Post Coverage of March for Life Suggests Liberal Newsroom Is Reasserting Control

fetus12315Almost two years ago, I took the leadership of the then-publicly-traded Washington Post Company to task for their coverage of the annual March for Life in Washington, D.C.

Representing the National Center’s Free Enterprise Project and using the shares of Accuracy in Media at the company’s 2012 shareholder meeting, I asked why the coverage of the yearly pro-life event which brings possibly hundreds of thousands of people into the nation’s capital on a usually miserable January day received poor coverage compared to smaller rallies about gun control or the environment.  Chairman Don Graham and Publisher Katherine Weymouth both conceded the paper sometimes “makes mistakes” in it’s reporting.  Weymouth later privately admitted the Post’s newsroom was possibly “90 percent” liberal, and “obviously their bias comes through on occasion.”

In 2014, however, it seemed the National Center’s complaint was heard and understood when last year’s March for Life was covered prominently on the front page of the Washington Post’s Metro section.  But Graham sold the Post to Amazon founder Jeff Bezos in late 2013, and Weymouth resigned as publisher last September.

So how did the Washington Post do on reporting the March for Life in 2015?  I think a liberal newsroom is beginning to reassert its authority.

Consider the statistics.  The 1/23/15 article for the 2015 March for Life is on page A-6 — in the front section and above the fold.  Some would consider that buried, as opposed to being on the front page of the Metro section.

In an article with a total of 27.2 column inches, only about 6.75 inches is actually devoted to the March itself.  There is 3.5 inches for people who participated to support life issues besides abortion (namely, anti-capital punishment) and 2.75 inches about March leadership not allowing representatives of those other causes to address marchers at a rally.  And 2.125 inches was allocated to a pro-abortion Catholic activist.   The rest was devoted to abortion-related news from places elsewhere than the teeming streets of D.C on a cold day in January.
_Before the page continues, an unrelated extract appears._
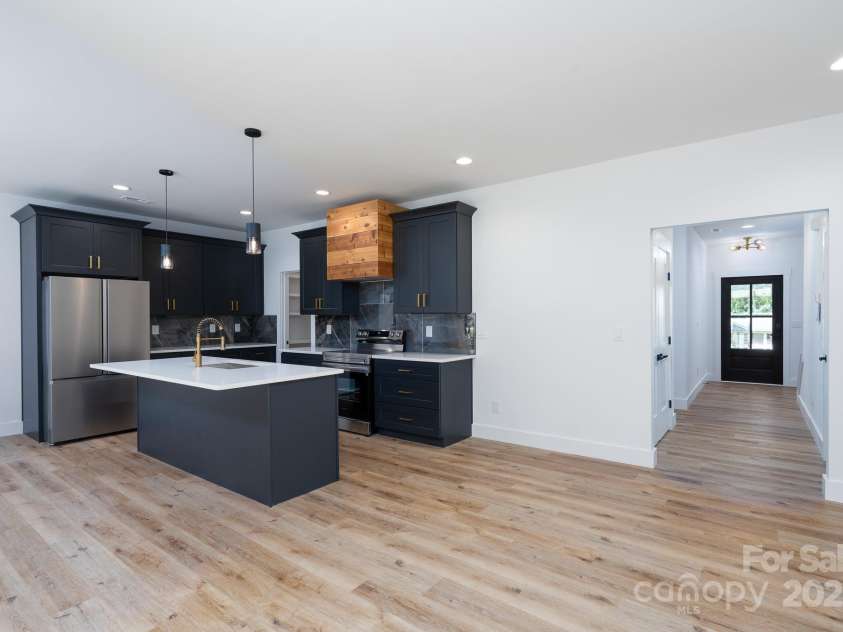 1520 Enochville Road, Kannapolis, NC 28081.  MLS# CAR4266849, YatesRealty ID 18225. 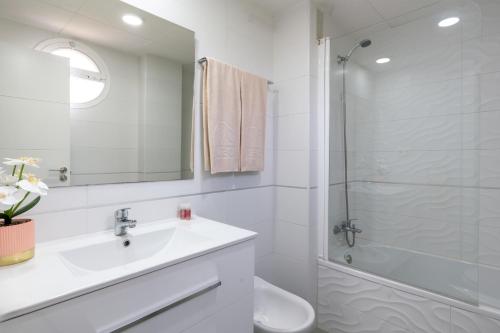 Apartamento con 1 dormitorio y vistas a la piscina del hotel Leo Islamar. Foto 6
Furthermore, the photo accompanying the article prominently featured pro-abortion protesters.

In the Post’s free Express newspaper, a page 3 article was 4.75 inches long and gave 1.5 inches with that copy to the March’s opponents and featured two photos that represented the hundreds of thousands of opponents of abortion and the probably dozens of supporters of abortion who were present.
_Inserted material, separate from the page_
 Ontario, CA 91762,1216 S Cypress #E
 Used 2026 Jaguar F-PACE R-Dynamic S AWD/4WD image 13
The Post article had one reporter this year as opposed to two last year, and the Express drew from an Associated Press report.
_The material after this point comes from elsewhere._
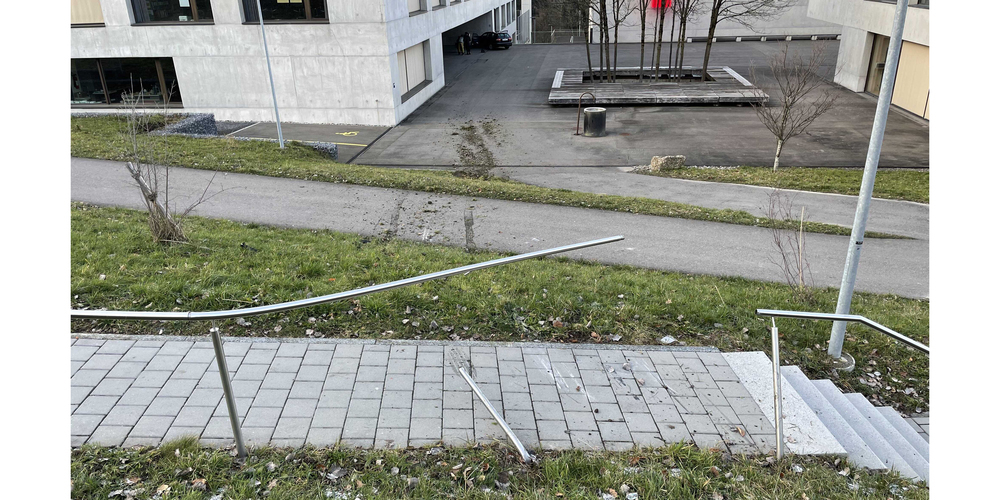Die Frau fuhr den Abgang hinter und durchbrach dabei das Geländer.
A critique of the coverage by Media Research Center Director of Media Analysis Tim Graham noted that, in coverage of the March and another article the same day about congressional debate on abortion-related legislation in the U.S. House of Representatives, “[t]he word ‘pro-life’ wasn’t used.”  While deeming the coverage “fairly objective,” MRC’s Graham nonetheless pointed out “[n]o speakers from the rally were quoted.”  He also noted that, in comparison, the Post gave two days of coverage to what was an approximately 100-person rally against the Washington Redskins professional football team (over their allegedly offensive name) last December.

While it was not a backslide into the paltry coverage it received even just a few years ago, this year’s March for Life coverage in the Washington Post isn’t as good as last year.  Unfortunately, the Post is no longer part of a publicly traded company (Bezos owns it outright, and not through his Amazon empire) and thus will not be in the same position to take complaints from entities such as the Free Enterprise Project.

The big question on the table is: How Washington Post coverage of the March for Life will be in 2016?  Will reporting be objective and befitting a movement that brings in masses of people and snarls the D.C. transit gird in the process, or will it revert back to a tiny Metro section mention and photo of counter-protesters as had been the norm for so long?